Sunday, December 26, 2010

Toni Morrison's Sula

     If I could chose any one author to sit down with and have a little chat, Toni Morrison would be at the top of my list. I read this gem in one day. Sula is heavy, rich, and lighthearted all at once. The effect is intoxicating, just as strong as the spirits Shadrack drinks by pint.
    Sula is about the broken families and the broken women that make up the community of the Bottom, a section in a small town named Medallion. Morrison is capable of writing about race in a manner that is attentive, but not tedious in any way. Mostly though, this novel is about friendship and the bonds formed between women. It follows Sula and Nela, two girls who grew up together but eventually take separate paths-- one conventional and one eccentric. Two guesses who takes the eccentric path.

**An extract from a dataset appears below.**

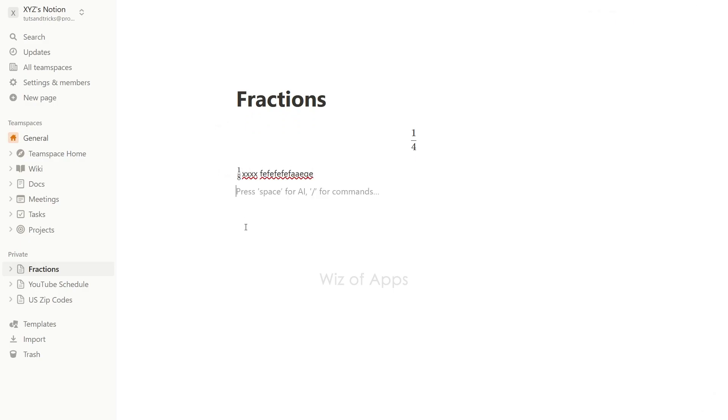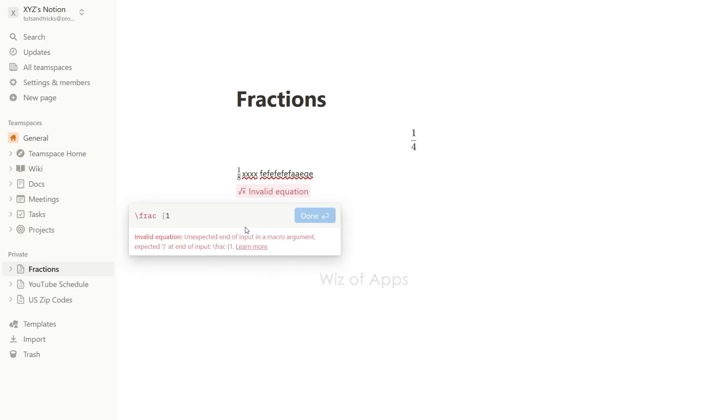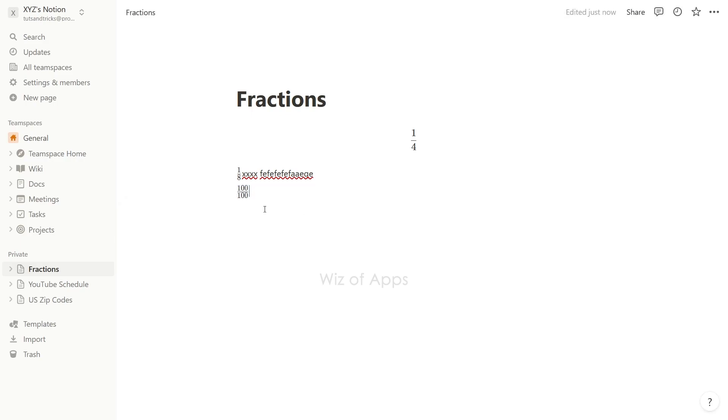One shortcut to add an inline equation is Ctrl-Shift-E for Windows or Command-Shift-E for Mac. Another shortcut is placing the syntax in between a double dollar sign on each side like this.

Sula is a testament to energy, courage, and having a mine of one's own.
   On another level, the novel is about good and evil and questioning our conceptions of what is immoral as opposed to natural inclinations coined as evil. Of course Sula and Nel symbolize this dichotomy, with Shadrack as the perfect blend of both good and evil. Nel embodies and internalizes societal expectations while Sula debunks and subverts them. Shadrack on the other hand, who suffers from PTSD, is referred to as evil, when he is really misunderstood by those who surround him. He drinks and swears and yells at small children, but he is harmless. Ultimately, Morrison communicates that deciding what is good and evil boils down to human intent.
     I will probably pick this novel up again next year. It's haunting and acerbic. It left me speechless and aching.